Dopo un avvio di quinta stagione col botto, The Handmaid’s Tale prosegue con un terzo episodio in cui il freno a mano tirato si sente tutto, ma non per questo meno carico di evoluzioni ed emozioni.
Il secondo episodio, come vi avevamo raccontato anche nella nostra appassionata recensione, si apriva e si concludeva con un evocativo primo piano di Elisabeth Moss, tornata alla regia di questi primi due episodi. Ora che la stagione comincia a muovere le pedine in avanti, non c’è più molto spazio per soffermarsi su dettagli emotivi, che comunque sono presenti all’interno della serie, anche se più distillati e inseriti all’interno di una narrazione più strutturata.
Appare ora chiaro che il tema di questa quinta stagione, che sarà la penultima per The Handmaid’s Tale, sarà l’ultimo tentativo disperato di June di ricongiungersi con sua figlia Hanna e, in parallelo, l’assalto dell’Ancella ribelle a Serena Joy, il nome che, ora che Fred è stato eliminato, campeggia in rosso e in maiuscolo sulla sua lista.
Chi si aspettava un’entrata a gamba tesa di Serena nell’agone politico e diplomatico di Gilead, con il promesso attacco raffinato al fianco dell’America e del Canada che era stato promesso e anticipato nei trailer, è rimasto deluso. In questa puntata vediamo che Serena ancora non si è buttata a capofitto nella sua missione e sta ancora elaborando (o fingendo di elaborare) il lutto per la morte del marito.

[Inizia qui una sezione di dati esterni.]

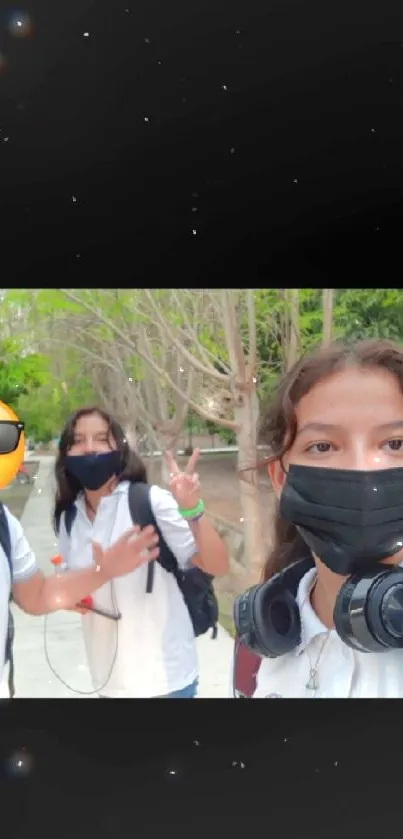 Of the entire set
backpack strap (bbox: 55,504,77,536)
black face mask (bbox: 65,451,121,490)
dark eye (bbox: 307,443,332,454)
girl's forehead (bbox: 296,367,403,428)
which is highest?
girl's forehead (bbox: 296,367,403,428)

Forse proprio questa situazione di stasi la porta a rimanere in panchina rispetto a ciò che avrebbe desiderato: un incarico di potere a Gilead. Le alte sfere della repubblica teocratica, però, la ricompensano (o cercano di togliersela dai piedi?) con un compito di alta diplomazia che, guarda caso, comincia proprio dal Canada, rispedendo la vedova affranta a Toronto, sempre con il segugio Tuello al seguito.

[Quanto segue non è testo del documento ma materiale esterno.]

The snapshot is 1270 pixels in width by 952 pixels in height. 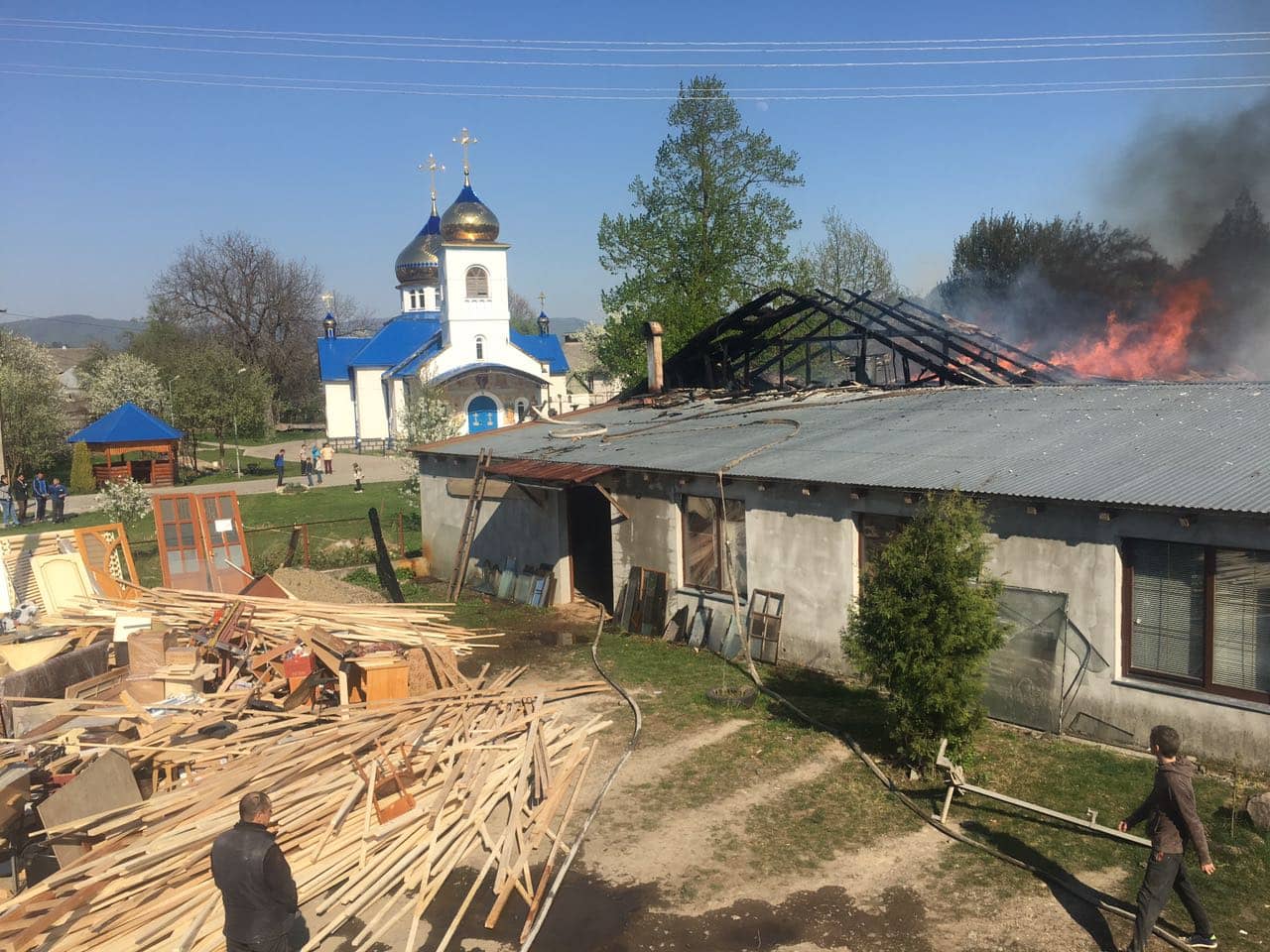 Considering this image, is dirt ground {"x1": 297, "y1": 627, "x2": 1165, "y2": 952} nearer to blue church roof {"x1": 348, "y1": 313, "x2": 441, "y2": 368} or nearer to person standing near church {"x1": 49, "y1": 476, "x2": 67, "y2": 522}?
person standing near church {"x1": 49, "y1": 476, "x2": 67, "y2": 522}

Serena, però, non è una donna nata per stare all’angolo e per questo riconosce di non essere amata dalle donne (lei intende dalle donne di Gilead, che invece sono cresciute stando ai margini). Per questo continua a seminare gesti e atteggiamenti per ingraziarsi gli uomini, come una previdente formica. Come la grottesca proposta di matrimonio a Lawrence o come il bacio dato a Tuello sulla guancia, in un momento carico di tensione erotica come può essere una situazione tra un diplomatico di un paese democratico, probabilmente doppiogiochista ma che non sa resistere al fascino femminile e una donna scaltra, che ama fingere di essere indifesa e che ha molte frecce al suo arco da giocare, inclusa la gravidanza, per ispirare desiderio di protezione.
Serena dunque torna al punto di partenza, così come fa anche June, almeno apparentemente. L’impossibilità di poter essere utile a sua figlia in ogni modo, dentro e fuori Gilead, stanno minando sempre di più la sua sanità mentale. La telefonata con Nick, che riaccende una scintilla di un amore che ha bruciato il tempo che era necessario a entrambi per non morire di freddo, riconferma la kafkiana situazione dell’Ancella ribelle in questa stagione: non è mai nel posto giusto.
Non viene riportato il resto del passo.